A Hundred Years (Or More) Of Reading

I’ve long been aware that my nine year thinks I’m ancient, but today his attempt to be more specific was, ‘You were born in the old days, weren’t you, mum, between dinosaurs and World War Two?’


My first school photograph, aged five, and a quick look-up of my 1970s village primary school went some way in convincing him I didn’t carry a gas mask and live in a cave.

It came about at bedtime when I was reading aloud our nightly extract from The Borrowers – carried over from school; his teacher reads daily to the class – and mentioned I’d read the book at his age, but found it quite tricky to read out loud (complex sentence structures, mostly) and he agreed that Miss Ford read it better (Miss Ford does everything better, and she’s got two horses; she’s genuinely amazing).

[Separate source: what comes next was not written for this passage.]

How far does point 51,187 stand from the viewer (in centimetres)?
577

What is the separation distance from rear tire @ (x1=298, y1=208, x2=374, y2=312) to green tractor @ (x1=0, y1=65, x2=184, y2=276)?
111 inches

‘Did your teacher read it to you?’ he asked.

I couldn’t remember – probably due to my ancientness – but told him the only book I recalled being read was The Turbulent Term of Tyke Tiler.  

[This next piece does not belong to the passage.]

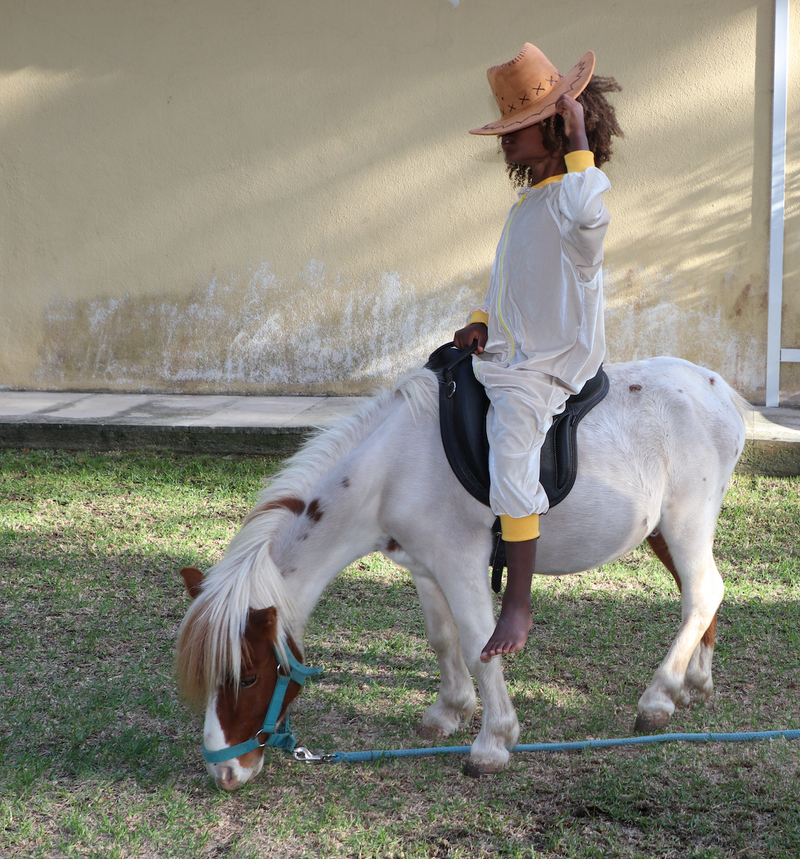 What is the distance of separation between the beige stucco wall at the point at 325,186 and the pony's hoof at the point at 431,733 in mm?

‘Was it that good?’ he wanted to know. ‘Mum, why are you laughing?’

I confessed that in school, we turned our chairs to the teacher when she read, and my friends (there were four of us) alternated two in front and two behind. It was the job of the two behind to poke, prod and tickle – invisibly – the two in front, who had to sit still and not squirm, giggle or otherwise give the game away. The reason I remembered Tyke Tiler was that it was funny enough for us to get away with roaring with laughter, ostensibly at the story, not the tickling. We often marvelled that the teacher didn’t notice. Now, I’m sure she did and we were very annoying; she was just picking her battles…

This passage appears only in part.